Serbian fashion designer

Zvonko Marković (born 11 April 1975) is a Serbian fashion designer known for creating sculptural leather clothing, as well as opulent gowns made of lace and silk. In 2018, he celebrated twenty years in the fashion industry with a special collection seen at "Serbia Fashion Week".

==Biography==
Marković was born in Podgorica and moved to Belgrade when he was ten years old. Graduating in 2001, he studied at the Faculty of Applied Arts and Design in Belgrade, Serbia. He started out as a commercial clothing designer and also created costumes for theater companies. He presented his first collection in 1998 in Serbia. His clothing gained attention in 2002, after designing a concert gown for pop folk singer Svetlana Ceca Ražnatović.

Marković has presented his clothing line in Paris, New York, Los Angeles, Rome, St.

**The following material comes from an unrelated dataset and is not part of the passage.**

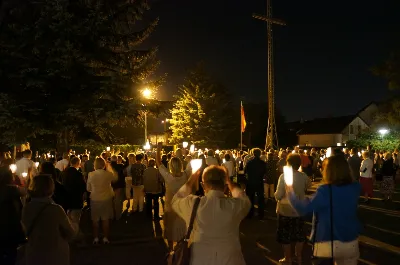 W niedzielę 13 września przeżywaliśmy uroczyste Nabożeństwo Fatimskie. Mszy Świętej przewodniczył i homilię wygłosił ks. Michał Bator - proboszcz parafii pw. Św. Michała Archanioła w Rzeszowie. O godz. 18.40 zostały przedstawione prośby i podziękowania do Matki Bożej Fatimskiej, w intencji których sprawowana była także Msza Święta. Po Mszy Świętej wyruszyła procesja różańcowa z figurą Matki Bożej. Modlitwę różańcową prowadził ks. Dominik Kiełb wraz z parafianami parafii pw. Św. Michała Archanioła w Rzeszowie. Nabożeństwo zakończył Apel Jasnogórski. fot. Rafał Waszczak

Petersburg, and Shanghai, as well as in his native country at Serbia Fashion Week. In 2015 and 2016, he participated in the "Paris Haute Couture" fashion show in France. Called "Night Moth", the 2015 collection had pieces designed with silk georgette, anaconda skins, and jersey. The 2016 collection was named "Land of Lilacs" and featured leather combined with floral prints and feathers. In 2017 and 2018, he also put on runway shows at "New York Fashion Week".

Marković celebrated two decades of career at "Serbia Fashion Week" in April 2018 with a collection inspired by fairy tales. Several months later, he presented a collection in Shanghai, China which led to other runway shows in Asia.

His clothes have been worn by local celebrities such as Lepa Brena, Ana Nikolić, and Jelena Janković, as well as international ones like singer Ashanti and model Kylie Jenner. Marković believes that "fashion in every possible way deals with art" and that "clothes are kind of three-dimensional sculpture, and in movement, they get a new, fourth dimension."

==Awards==
In 2003, Marković won a ULUPUDS prize for best leather collection at the Belgrade Fair. He has also received two awards from Serbia Fashion Week. In 2017, he was awarded a prize from the Paris organization "Centre du luxe et de la création".